### Source records:
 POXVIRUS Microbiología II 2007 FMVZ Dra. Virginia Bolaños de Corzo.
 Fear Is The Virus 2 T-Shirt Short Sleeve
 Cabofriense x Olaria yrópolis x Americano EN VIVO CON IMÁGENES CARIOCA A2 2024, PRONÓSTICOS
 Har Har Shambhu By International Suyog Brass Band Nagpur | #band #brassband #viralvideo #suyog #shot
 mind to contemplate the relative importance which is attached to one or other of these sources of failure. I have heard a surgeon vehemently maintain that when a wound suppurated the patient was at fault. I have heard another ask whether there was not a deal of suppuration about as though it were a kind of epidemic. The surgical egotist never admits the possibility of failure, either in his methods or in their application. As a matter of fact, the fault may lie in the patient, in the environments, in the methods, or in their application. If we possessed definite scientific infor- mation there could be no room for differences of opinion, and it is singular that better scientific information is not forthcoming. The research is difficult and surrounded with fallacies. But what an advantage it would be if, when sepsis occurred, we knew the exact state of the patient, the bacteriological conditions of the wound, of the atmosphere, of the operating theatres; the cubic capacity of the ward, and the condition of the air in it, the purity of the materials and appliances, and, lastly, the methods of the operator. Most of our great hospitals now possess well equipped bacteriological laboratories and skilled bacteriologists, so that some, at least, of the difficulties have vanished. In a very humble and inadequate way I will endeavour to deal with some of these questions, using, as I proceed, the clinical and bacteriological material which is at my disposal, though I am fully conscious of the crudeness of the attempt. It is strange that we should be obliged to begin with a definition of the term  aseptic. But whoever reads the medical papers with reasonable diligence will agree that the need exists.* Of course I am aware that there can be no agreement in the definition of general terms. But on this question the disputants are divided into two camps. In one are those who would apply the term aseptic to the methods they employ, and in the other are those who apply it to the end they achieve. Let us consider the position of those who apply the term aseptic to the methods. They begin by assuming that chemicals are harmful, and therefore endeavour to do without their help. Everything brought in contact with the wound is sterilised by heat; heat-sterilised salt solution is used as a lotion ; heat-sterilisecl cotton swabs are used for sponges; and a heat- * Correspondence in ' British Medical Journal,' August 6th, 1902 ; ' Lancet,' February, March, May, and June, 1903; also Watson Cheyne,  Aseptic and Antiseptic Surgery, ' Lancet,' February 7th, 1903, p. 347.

### Your instructions:
Write out the material above exactly and in full.

### Result for this task:
 POXVIRUS Microbiología II 2007 FMVZ Dra. Virginia Bolaños de Corzo.
 Fear Is The Virus 2 T-Shirt Short Sleeve
 Cabofriense x Olaria yrópolis x Americano EN VIVO CON IMÁGENES CARIOCA A2 2024, PRONÓSTICOS
 Har Har Shambhu By International Suyog Brass Band Nagpur | #band #brassband #viralvideo #suyog #shot
 mind to contemplate the relative importance which is attached to one or other of these sources of failure. I have heard a surgeon vehemently maintain that when a wound suppurated the patient was at fault. I have heard another ask whether there was not a deal of suppuration about as though it were a kind of epidemic. The surgical egotist never admits the possibility of failure, either in his methods or in their application. As a matter of fact, the fault may lie in the patient, in the environments, in the methods, or in their application. If we possessed definite scientific infor- mation there could be no room for differences of opinion, and it is singular that better scientific information is not forthcoming. The research is difficult and surrounded with fallacies. But what an advantage it would be if, when sepsis occurred, we knew the exact state of the patient, the bacteriological conditions of the wound, of the atmosphere, of the operating theatres; the cubic capacity of the ward, and the condition of the air in it, the purity of the materials and appliances, and, lastly, the methods of the operator. Most of our great hospitals now possess well equipped bacteriological laboratories and skilled bacteriologists, so that some, at least, of the difficulties have vanished. In a very humble and inadequate way I will endeavour to deal with some of these questions, using, as I proceed, the clinical and bacteriological material which is at my disposal, though I am fully conscious of the crudeness of the attempt. It is strange that we should be obliged to begin with a definition of the term  aseptic. But whoever reads the medical papers with reasonable diligence will agree that the need exists.* Of course I am aware that there can be no agreement in the definition of general terms. But on this question the disputants are divided into two camps. In one are those who would apply the term aseptic to the methods they employ, and in the other are those who apply it to the end they achieve. Let us consider the position of those who apply the term aseptic to the methods. They begin by assuming that chemicals are harmful, and therefore endeavour to do without their help. Everything brought in contact with the wound is sterilised by heat; heat-sterilised salt solution is used as a lotion ; heat-sterilisecl cotton swabs are used for sponges; and a heat- * Correspondence in ' British Medical Journal,' August 6th, 1902 ; ' Lancet,' February, March, May, and June, 1903; also Watson Cheyne,  Aseptic and Antiseptic Surgery, ' Lancet,' February 7th, 1903, p. 347.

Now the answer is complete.